Paul leads the Company’s interactive department and future product / business strategy. He holds internationally recognised awards in games, radio, mobile technology and interactive broadcasting such as Bafta Awards, Sony Radio Academy Awards and the GSM Association Awards.

A trustee of arts commissioner Artangel and the Longplayer Trust, he co-authored the British Government’s recent report on the future of digital music, and is an artistic collaborator with the likes of: several Artangel artists, writer John Berger, Theatre de Complicite and Rotozaza. Paul also presents science, technology and usability programmes for the BBC.

John Burton

John Burton is a chartered surveyor and Member of the Royal Institute of Chartered Surveyors who specialises in regeneration projects. As such he is responsible for various Urban Space Management projects, including Trinity Buoy Wharf.

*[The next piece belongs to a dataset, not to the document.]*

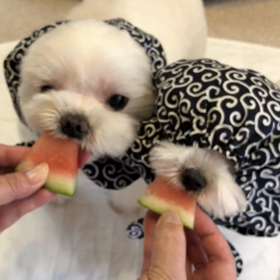 スイカ泥棒犬⁉️の画像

He has wide experience working in the areas of local economic development, re-use of historic buildings, physical development and town centre strategies. He is a trustee of the Aluna Foundation and a Director of CIDA (Cultural Industries Development Agency), with whom he ran the Creative Space Agency which links owners of vacant property with arts and creative organisations needing space.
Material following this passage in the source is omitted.